Subscribe

Science Careers Blog

July 18, 2008

It's Raining Meteorologists!

Possible titles for this post are manifold; how about "Professional Prognosticators Predict Poor Prospects for People Who Predict Downpours"? I'll stop there.

In the current issue of the Bulletin of the American Meteorological Society, John Knox, of the Department of Engineering at the University of Georgia in Athens, analyzes the supply/demand proposition for scientists who study weather. It has been, he notes, more than a decade since the last such assessment and many things have changed since then that affect the attractiveness of weather-related work, including the rise of the Internet and Internet and The Weather Channel, the profile of climate change, and the movie Twister. Knox concludes (pdf) that:

. . . if the projections are accurate: the number of undergraduate meteorology degree recipients will increasingly exceed the number of meteorology employment opportunities into the next decade. Thus, given recent trends and future projections, the growth of the U.S. undergraduate meteorology population is potentially unsustainable in terms of bachelor’s degree–level employment within meteorology.

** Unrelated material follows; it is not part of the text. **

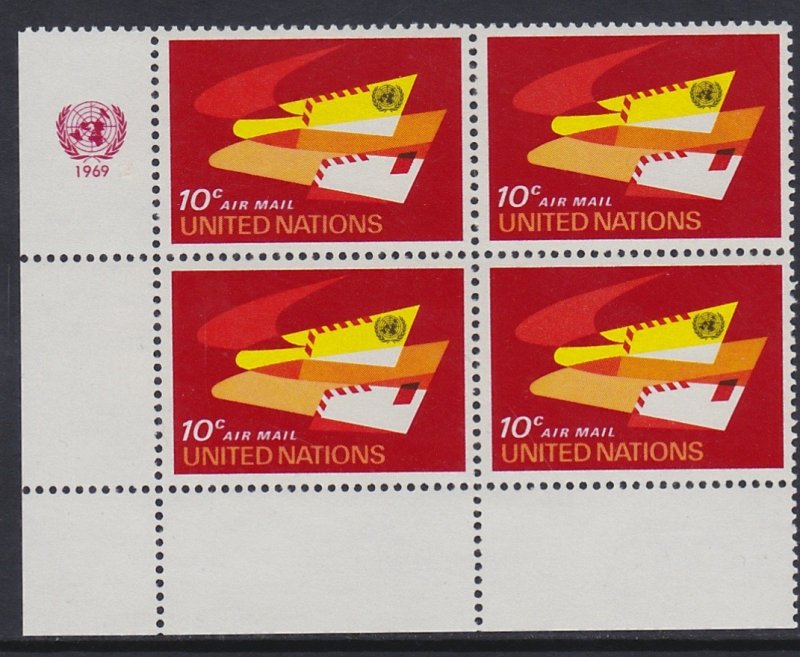 C14 United Nations 1969 Airmail Inscription Block MNH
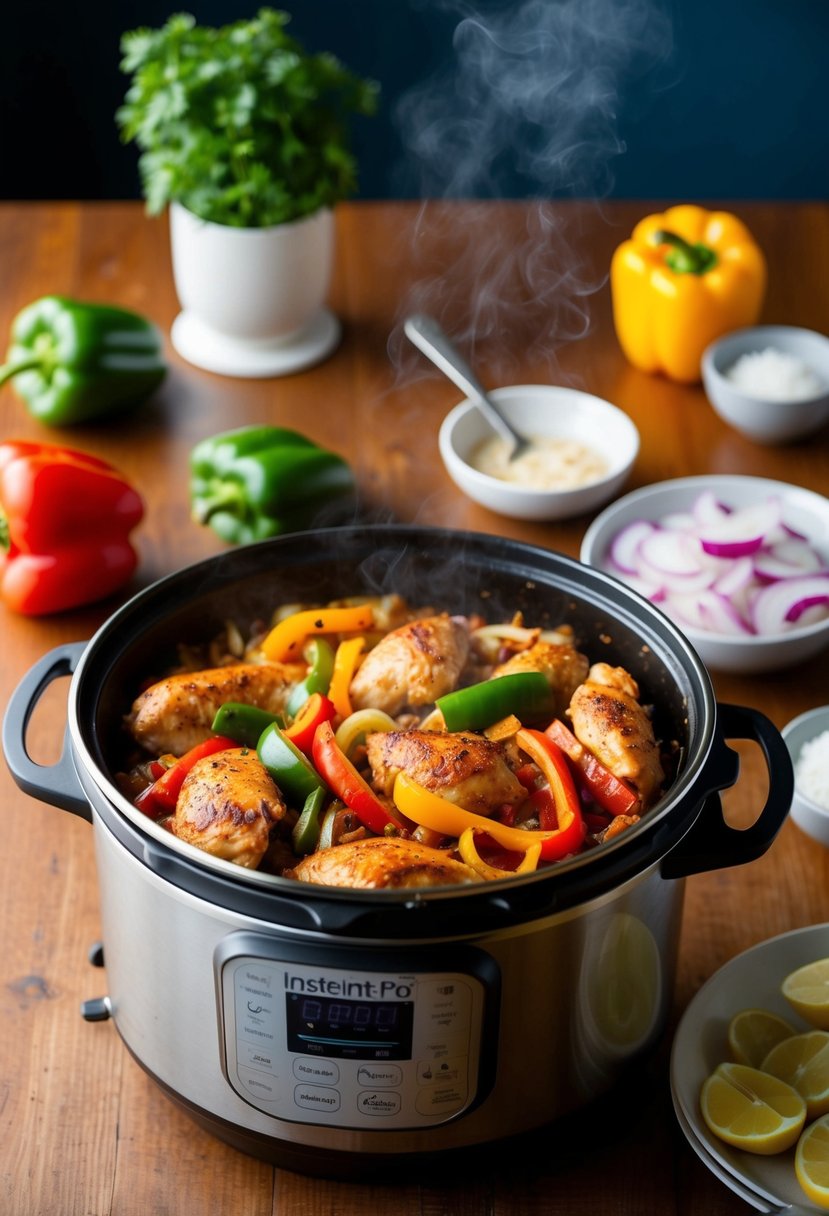 A sizzling skillet of chicken, bell peppers, and onions cooking in an Instant Pot, emitting fragrant fajita spices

This kind of frankness--and cynicism--is rare among scientific-workforce prognosticators--and refreshing Much more common are claims that we need more and more scientists regardless of what market forces imply--after all, even if they can't be employed in the field they're being trained in (these conflicted prognosticators typically argue), they're still learning valuable skills.

Knox echoes arguments we have often made (more broadly) at Science Careers (here, for example, and here), pointing out that prognosticators often choose to ignore the demand side of the supply/demand balance, and "because the mechanisms that generate interest in our field (e.g., unprecedented media emphasis on weather) are mostly uncoupled to the mechanisms of demand."

There's much more discussion on the Prometheus blog from the Center for Science and Technology Policy Research at the University of Colorado at Boulder.